Opalev pleaded guilty and was given a four-year suspended sentence in December.
Navalny insists the very same evidence used against him shows that no theft was committed. "I can't imagine how they're going to prove this," he said.
Still, Opalev's plea sharply limits Navalny's defense options, blocking him from contesting evidence from Opalev's conviction. Since the question of Opalev's guilt was never examined in court, investigators never had to prove that a crime was committed.
Navalny says he has commissioned three independent analyses that exonerate him.
"This is hardly the KGB — they're PR guys, the important thing for them is to make a big point out of it," Navalny said of the investigators. "'If you think that we're going to be shy of blog posts about how the case is stitched up — well, we couldn't give a damn.'"

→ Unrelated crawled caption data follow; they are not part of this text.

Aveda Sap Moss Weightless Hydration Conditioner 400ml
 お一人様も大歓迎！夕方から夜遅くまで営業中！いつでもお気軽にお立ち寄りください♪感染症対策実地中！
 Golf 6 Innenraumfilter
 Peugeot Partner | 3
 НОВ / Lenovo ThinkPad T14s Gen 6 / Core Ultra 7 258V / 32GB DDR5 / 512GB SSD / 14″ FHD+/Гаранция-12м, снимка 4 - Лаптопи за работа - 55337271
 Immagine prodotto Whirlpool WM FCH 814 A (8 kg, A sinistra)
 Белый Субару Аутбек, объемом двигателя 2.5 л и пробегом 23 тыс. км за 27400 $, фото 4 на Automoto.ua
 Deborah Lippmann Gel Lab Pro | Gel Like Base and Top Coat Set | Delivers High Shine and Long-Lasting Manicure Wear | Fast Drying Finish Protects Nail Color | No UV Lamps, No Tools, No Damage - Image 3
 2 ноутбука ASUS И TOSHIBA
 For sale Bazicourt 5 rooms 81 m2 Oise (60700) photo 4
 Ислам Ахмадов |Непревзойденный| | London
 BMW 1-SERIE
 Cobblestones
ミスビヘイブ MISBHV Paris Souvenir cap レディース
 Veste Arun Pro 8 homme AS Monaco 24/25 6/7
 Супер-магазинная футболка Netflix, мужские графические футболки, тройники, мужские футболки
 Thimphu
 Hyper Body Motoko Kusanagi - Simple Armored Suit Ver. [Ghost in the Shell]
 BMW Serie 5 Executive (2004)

The presiding judge, Sergei Blinov, has issued 130 guilty verdicts and no acquittals in the last two years, according to the pro-Navalny magazine The New Times. Blinov is not holding any preliminary hearings, which Navalny's lawyers say is illegal. The only intrigue in the trial, Navalny says, will be whether he is jailed or given a suspended sentence to bar him from running for office.
The case has drawn widespread condemnation abroad and in Russia. Billionaire Mikhail Prokhorov, a former Russian presidential candidate who owns the New Jersey Nets, wrote on his blog Sunday that Russian law "is turning into a repressive machine" and called for Markin to be prosecuted instead of Navalny.
Nonetheless, the prospect of seeing its poster boy behind bars has done little to spur the divided and demoralized opposition. Instead of the intense fervor that surrounded the trial of punk rockers Pussy Riot for an anti-Putin protest in Moscow's cathedral last year, Navalny's supporters have met the case with despair.
"I can't think how we can all pull ourselves out of this nightmare," journalist Yuri Saprykin wrote on the Lenta.ru website.
Organizers expect only a hundred people to attend a protest outside the court Wednesday. A group that supports Navalny on Facebook — which was instrumental in organizing the anti-Putin protests — has a mere 1,678 members.
Whether Navalny's anti-corruption foundation will be able to continue the work that made him famous is unclear. Since the legal pressure against him intensified, it has lost most of its major donors.
Navalny himself, however, seems resigned about the prospect of prison.
"My situation really isn't the saddest one," he said. "Whether it'll be a conditional or a prison sentence, I don't know. They'll have a look at how the trial's going and they'll decide."
His wife Yulia, with whom he has a son aged five and a daughter aged 11, told independent Dozhd television that she expects it will probably end in conviction.
"I will wait for him, will try to help so that he understands we are all waiting for him," she said.